Exercise aim -> Set down each line of the material that follows exactly, and leave its pictures out.

Dataset extract ->

##############################

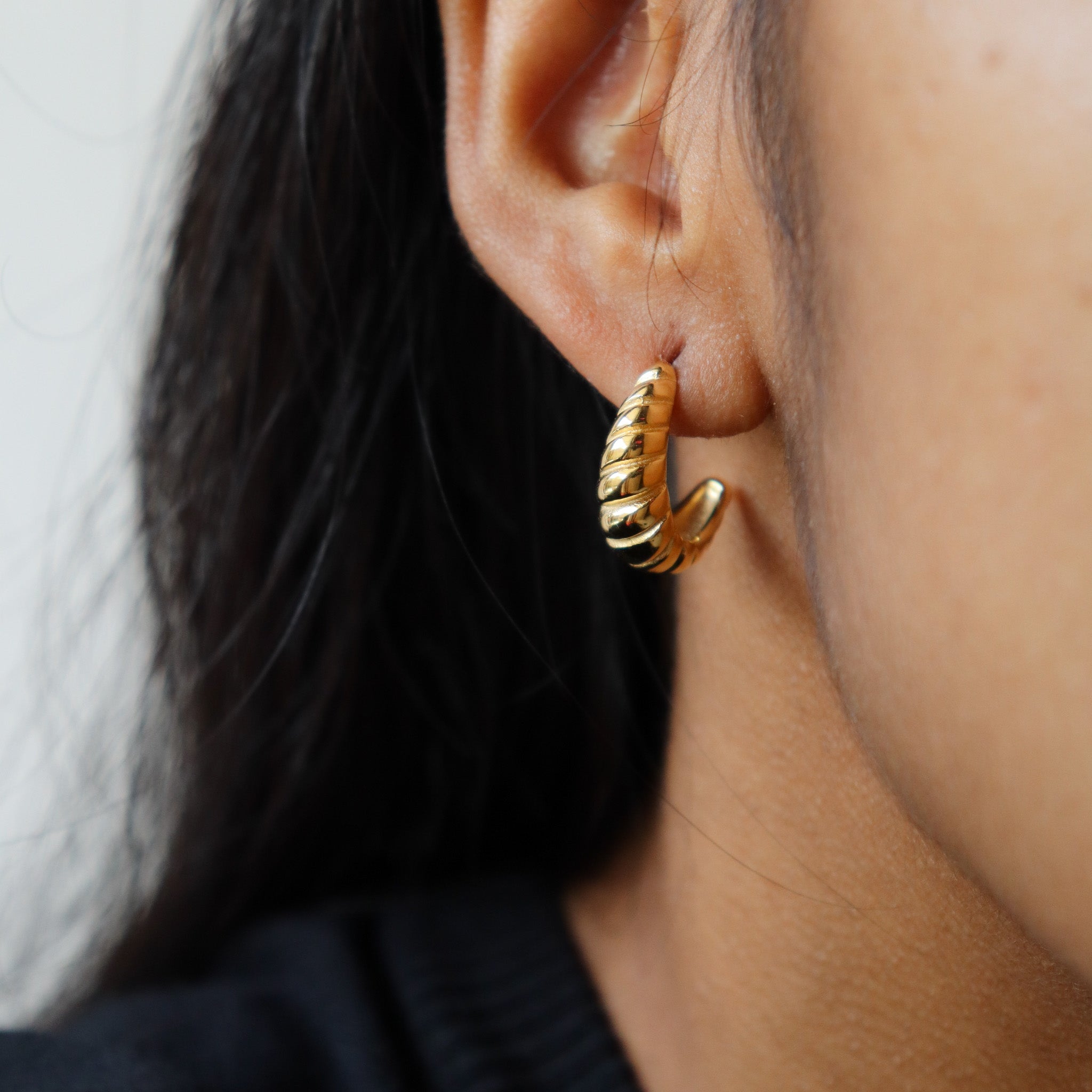 Croissant hoops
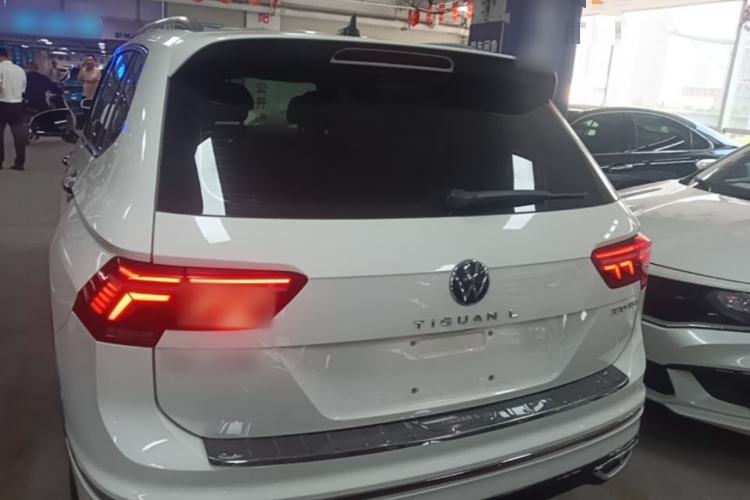 Used Volkswagen Tiguan L 2022 330TSI Automatic Two-Wheel Drive R-Line Enhanced Edition Rear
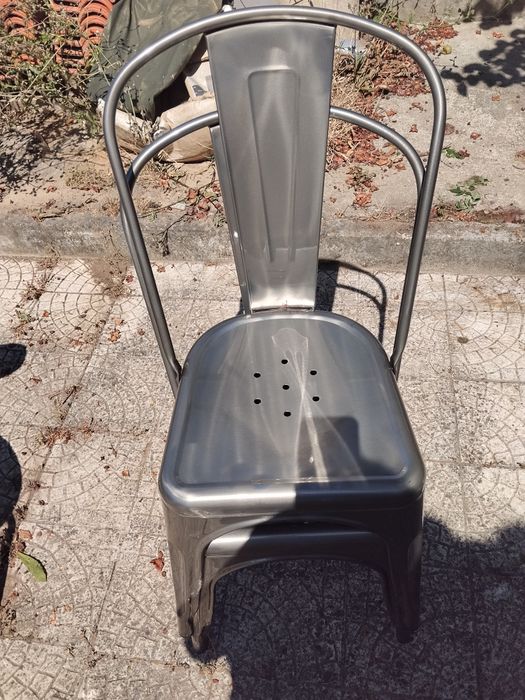 Cadeira de metal cinza/ prata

##############################

Output below ->
 Croissant hoops
 Used Volkswagen Tiguan L 2022 330TSI Automatic Two-Wheel Drive R-Line Enhanced Edition Rear
 Cadeira de metal cinza/ prata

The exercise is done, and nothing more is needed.